- Born: Mark Bender Gerstein February 23
- Citizenship: US
- Education: Harvard University (AB); University of Cambridge (PhD);
- Awards: AAAS Fellow; W. M. Keck Foundation Distinguished Young Scholar; Herchel Smith Scholarship; ISCB Fellow and Senior Scientist Award;
- Scientific career
- Fields: Bioinformatics
- Workplaces: Harvard University; University of Cambridge; MRC Laboratory of Molecular Biology; Stanford University; Yale University;
- Thesis: Protein recognition: surfaces and conformational change (1993)
- Doctoral advisor: Cyrus Chothia; Ruth Lynden-Bell;
- Other academic advisors: Michael Levitt (postdoc)
- Doctoral students: Werner Krebs
- Other notable students: Jan O. Korbel
- Website: www.gersteinlab.org;

= Mark B. Gerstein =

American bioinformatician

Mark Bender Gerstein is an American scientist working in bioinformatics and data science. He is the Albert L. Williams Professor of Biomedical Informatics, professor of molecular biophysics & biochemistry, professor of statistics & data science, and professor of computer science at Yale University. He is also co-director of the Yale Computational Biology and Bioinformatics program. In 2018, Gerstein was named co-director of the Yale Center for Biomedical Data Science.

==Education==
After graduating from Harvard College summa cum laude with a Bachelor of Arts in physics in 1989,
Gerstein did a PhD co-supervised by Ruth Lynden-Bell at the University of Cambridge and Cyrus Chothia at the Laboratory of Molecular Biology on liquid simulation and macromolecular conformational change in proteins, graduating in 1993. He then went on to postdoctoral research in bioinformatics at Stanford University from 1993 to 1996 supervised by Nobel-laureate Michael Levitt.

==Research==
Gerstein does research in the field of bioinformatics. This involves applying a range of computational approaches to problems in molecular biology, including data mining and machine learning, molecular simulation, and database design. His research group has a number of foci including annotating the human genome, personal genomics, cancer genomics, building AL/ML tools, analyzing molecular networks, simulating macromolecular motions, and processing biosensor and imaging data. Notable databases and tools that the group has developed include the Database of Macromolecular Motions, which categorizes macromolecular conformational change; tYNA, which helps analyze molecular networks; PubNet, which analyzes publication networks; PeakSeq, which identifies regions in the genome bound by particular transcription factors; and CNVnator, which categorizes block variants in the genome. Gerstein has also written extensively on how general issues in data science impact on genomics—in particular, in relation to privacy and to structuring scientific communication.

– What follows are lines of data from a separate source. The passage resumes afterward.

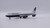 JC Wings British Airways B747-8I "Landor Fantasy Livery" JC4BAW0182 1:400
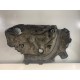 Capac motor VOLVO XC60 2009-2017 30777775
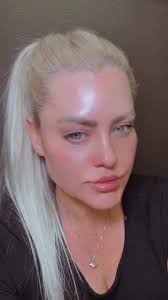 Sarah Sparrow (@sparrowhouseaesthetic)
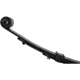 Purchase Top-Quality DORMAN (OE SOLUTIONS) - 97-380 - Suspension - Leaf Spring pa1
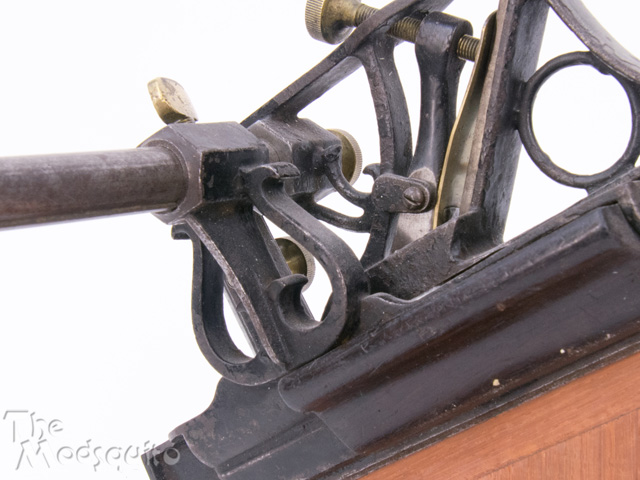Phillips_Patent_14.jpg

Gerstein's work has been published in peer reviewed scientific journals and non-scientific publications in more popular forums. His work has been highly cited, with an H greater than 200. He serves on a number of editorial and advisory boards, including those of PLoS Computational Biology, Genome Research, Genome Biology, and Molecular Systems Biology. He has been quoted in the New York Times, including on the front page, and in other major newspapers.

==Awards and honors==
In addition to a W. M. Keck Foundation Distinguished Young Scholars award, Gerstein has received awards from the US Navy, IBM, Pharmaceutical Research and Manufacturers of America, and the Donaghue Foundation. He is a Fellow of the AAAS. Other awards include a Herchel-Smith Scholarship supporting his doctoral work at Emmanuel College, Cambridge and a Damon Runyon Cancer Research Foundation Postdoctoral Fellowship. He is a contributor to a number of scientific consortia including ENCODE, modENCODE, 1000 Genomes Project, Brainspan, and DOE Kbase. He was made a Fellow of the International Society for Computational Biology (ISCB) in 2015 and also received an
Accomplishments by a Senior Scientist Award from the ISCB in 2023.